Royal Skouse has a different perspective on the facsimiles

 
  * The Book of Abraham was a revelation given to Joseph Smith, who later (mistakenly thinking it was a translation from the papyri he had in his possession) tried to connect the revealed text to the papyri by inserting two sentences, verse 12c and verse 14, into Abraham 1. The secondary nature of these two inserted sentences can be directly observed in the photos of folios 1a and 1b in the document identified as Ab2. Verse 12c is totally inserted intralinearly, not partially (as incorrectly represented in the accompanying transcription – and without comment). Verse 14 is not written on the page as are other portions of this part of the text (instead, it is written flush to the left), which implies that it is a comment on the papyri and that it was added to the revealed text.

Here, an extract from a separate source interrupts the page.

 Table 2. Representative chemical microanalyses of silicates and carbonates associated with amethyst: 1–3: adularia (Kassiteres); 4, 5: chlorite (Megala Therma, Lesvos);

Overall, these results imply that all the facsimiles from the papyri (1-3 in the published Pearl of Great Price) should be considered extracanonical and additions to the revealed text of the Book of Abraham, not integral parts of the original text of the book

Just as some of you pointed out how Abraham 1:12 and 14 might have been inserted after the fact and how many of you are claiming it still works, RFM & Reel this week had Dan Vogel on and made the problem even bigger.  They addressed the point I quoted above and demonstrated using the original documents how Skousen can't possibly be right.  They showed that the documents favor heavily having Abraham 1:12, &14 added at the very time the translation manuscript is page is being written rather than an afterthought assertion.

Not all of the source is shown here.